37. At paragraph 15 of his Notice of Appeal, the
Appellant indicates that [TRANSLATION] “On October 21, 2004, the Minister
of National Revenue confirmed the reassessments for the 1997 and 1998 taxation
years.”
38.
At paragraph 27 of the Notice of Appeal, the
Appellant indicates that [TRANSLATION] “the assessment process for the 1997 and
1998 taxation years was never completed as the assessments were not sent to the
Appellant in accordance with subsection 152(2) of the I.T.A.”
39. No allegation that the Appellant made any misrepresentation that is attributable to
negligence, carelessness or wilful default or committed any fraud in filing his
tax returns was alleged in the Respondent’s Reply to
the Notice of Appeal bringing subsection 152(4) I.T.A. into play.
[2]
An excerpt from the
testimony of the Appellant and Judith Heath, Respondent’s representative
and auditor in the Appellant’s matter, at their examination for discovery, was
adduced and is part of the evidence. The appeals officer, Vonda Yantsis, also
testified.
[3]
In their joint memorandum, the parties
frame the issues as follows:
[TRANSLATION]
(a) Notwithstanding the fact
that the Notices of Reassessment were not mailed to the Appellant’s address in Israel, is the Appellant precluded from
claiming that the reassessment process was not completed in accordance with
subsection 152(2) of the I.T.A.?
(b) Was the assessment process completed before the revocation of the
waiver in respect of the normal reassessment period took effect?
[4]
It was therefore
acknowledged from the outset that the Notices of Reassessment were not mailed
to the Appellant’s address in Israel but rather were addressed to the law firm’s Montréal office without
reference to the lawyers who were representing the Appellant.
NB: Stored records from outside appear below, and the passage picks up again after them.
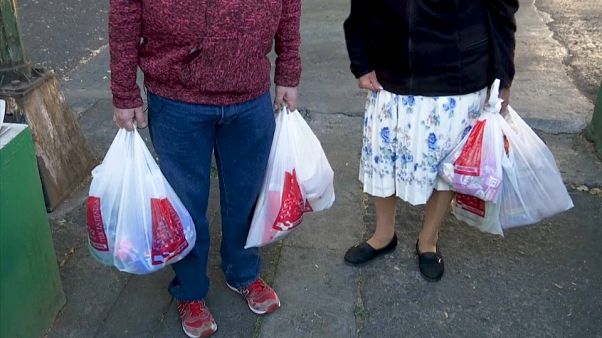 Dos mexicanos cargan bolsas de plástico tras salir de la compra Dos mexicanos cargan bolsas de plástico tras salir de la compra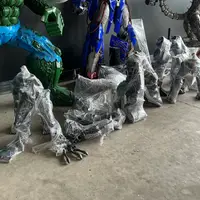 Arms, legs and a clawed hand, each wrapped on its own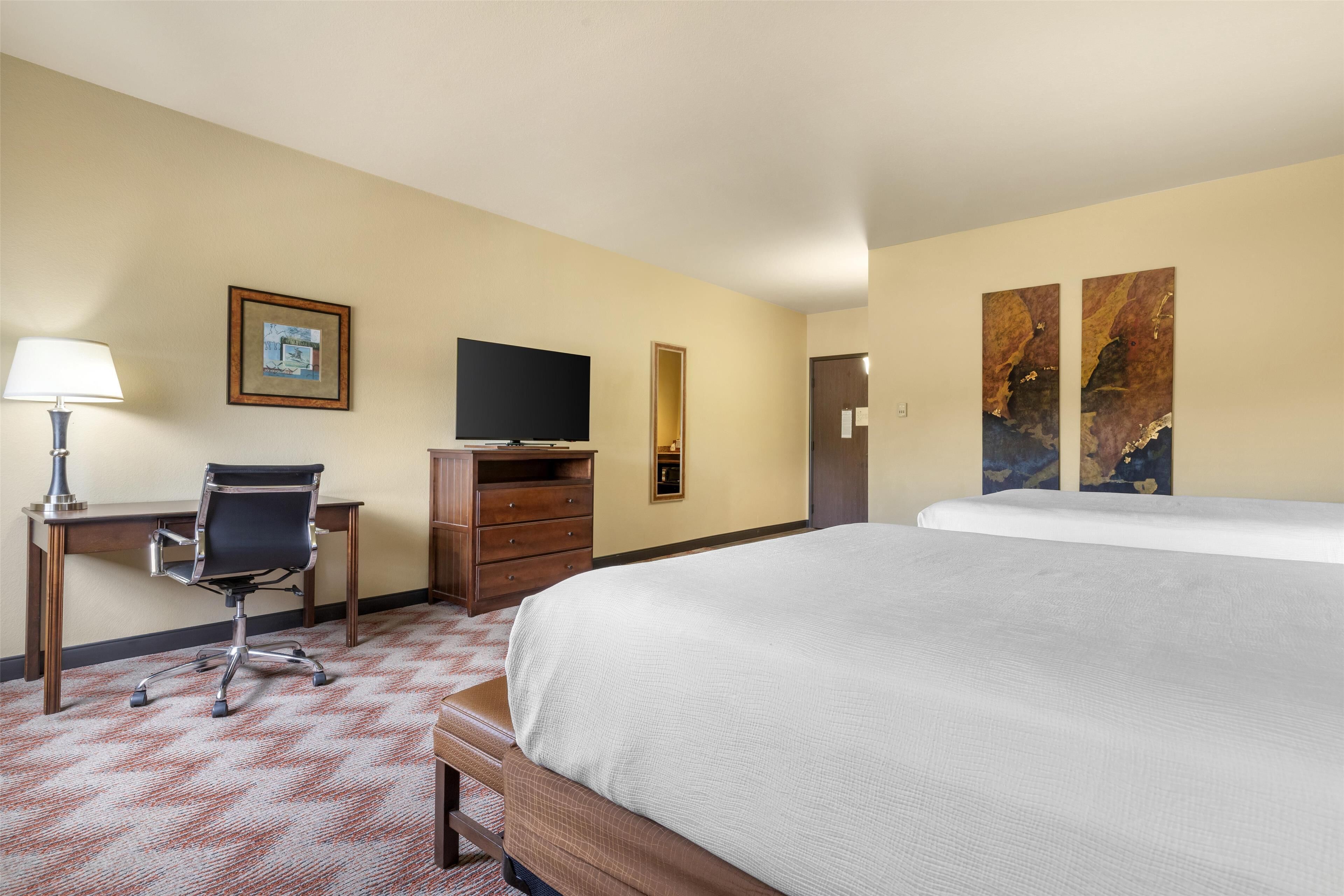 A hotel room with a bed, desk, chair, television, dresser, and artwork on the walls.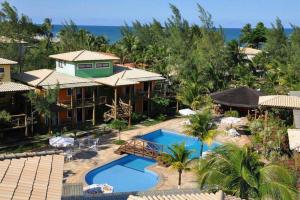 107 - Village aconchegante na praia de Itacimirim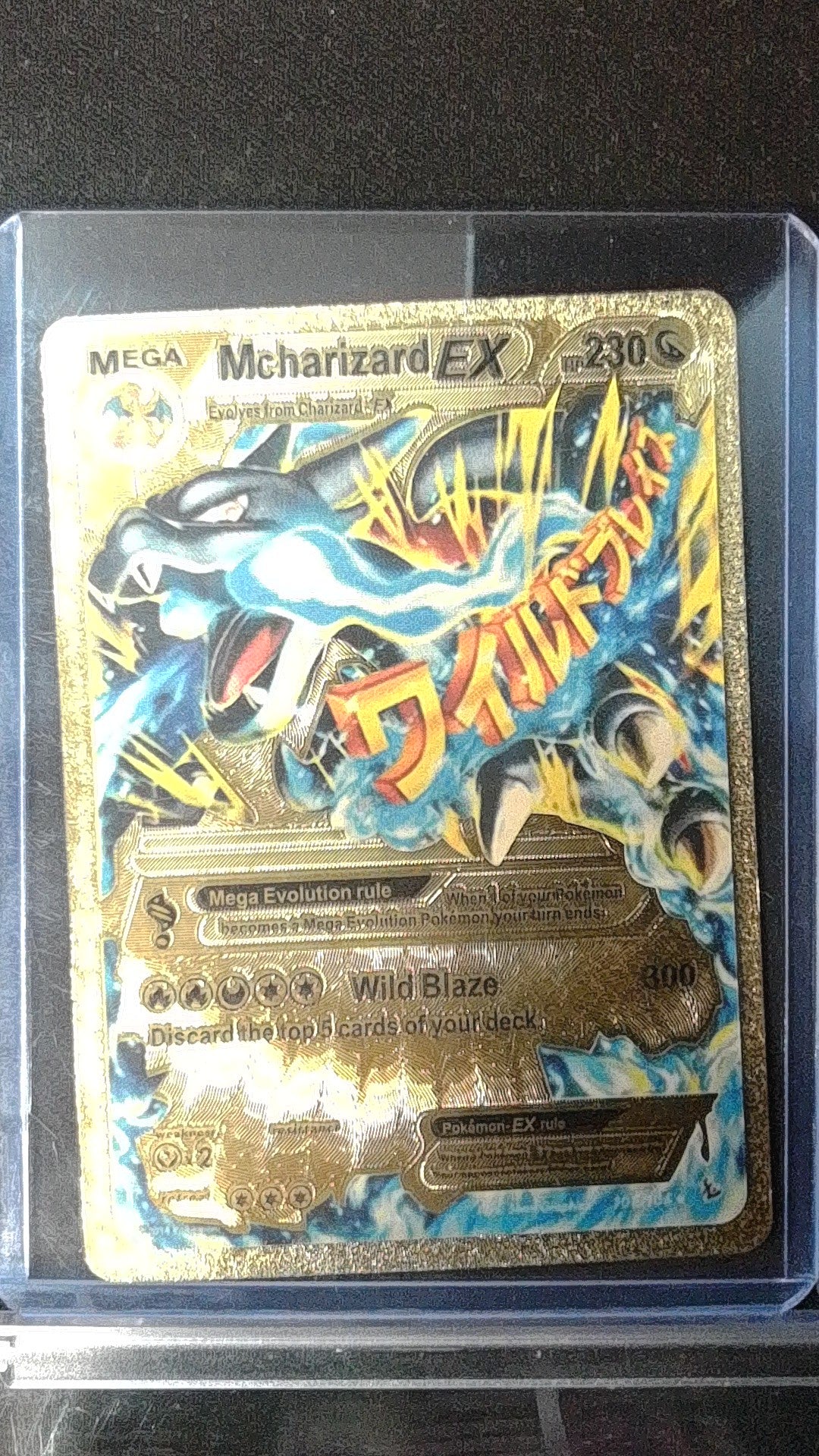 M Charizard EX (X) #69/106 Gold Promo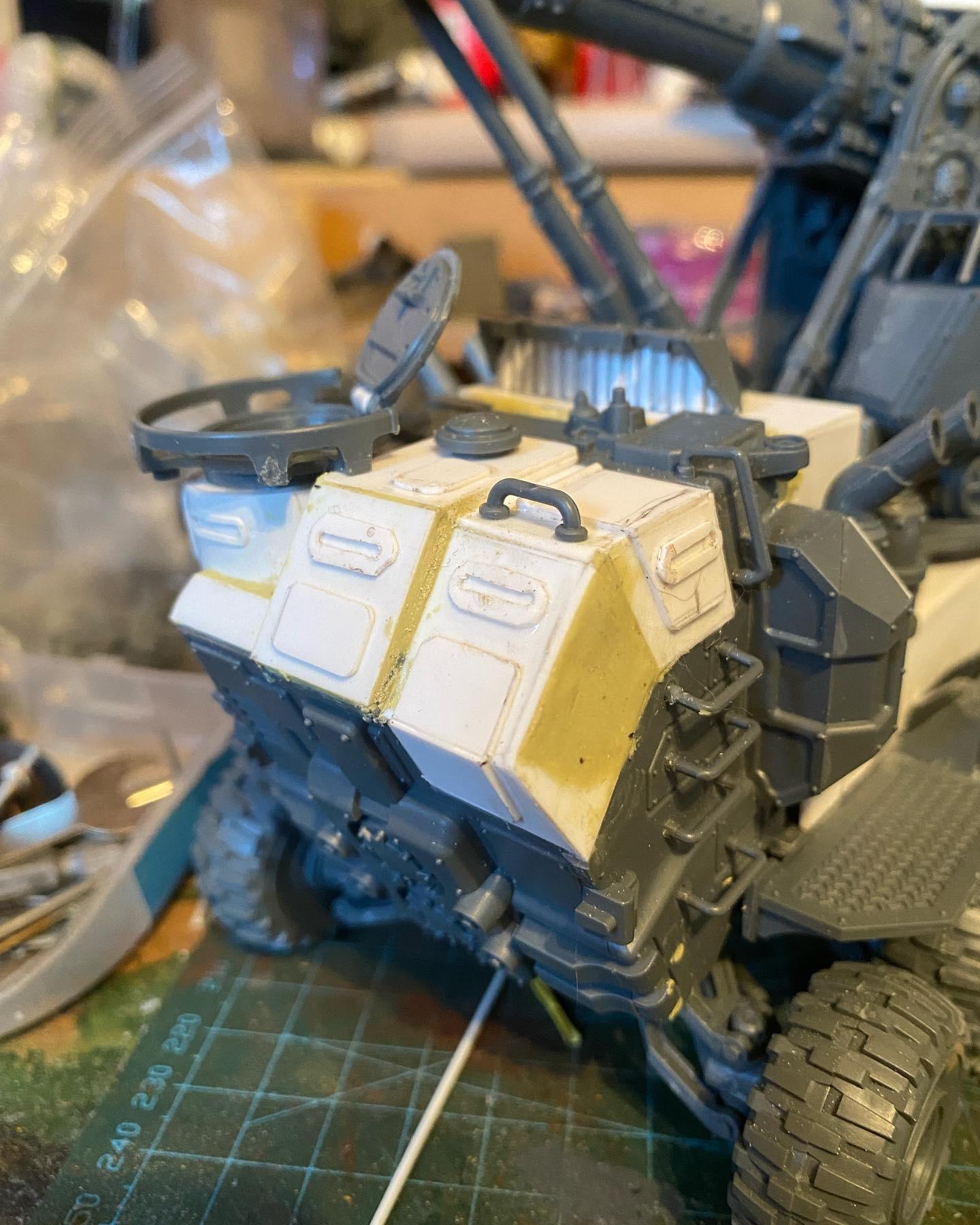 Custom-built Tyrannofex miniature vehicle model and crew on a green cutting mat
The latter
therefore submits that the assessment process was never completed and cites the
provisions of subsection 152(2) of the Income Tax Act (the Act) in
support of his claim. As for the Respondent, she submits that the Appellant had
a duty to raise the issue in his Notice of Objection and, considering that the
Appellant objected to the assessments within the time limit, he was not
prejudiced and cannot now challenge the process.
[5]
Subsection 152(2) of
the Act requires the Minister of National Revenue (the Minister) to send, after examination of a return, a
notice of assessment to the person by whom the return was filed. However, subsections 244(14) and
244(15) provide for presumptions as to the date when the assessment is made and
the mailing date. The subsections read as follows:
244(14) For the purposes of this Act, where any notice or
notification described in subsection 149.1(6.3), 152(3.1), 165(3) or 166.1(5)
or any notice of assessment or determination is mailed, it shall be presumed to
be mailed on the date of that notice or notification.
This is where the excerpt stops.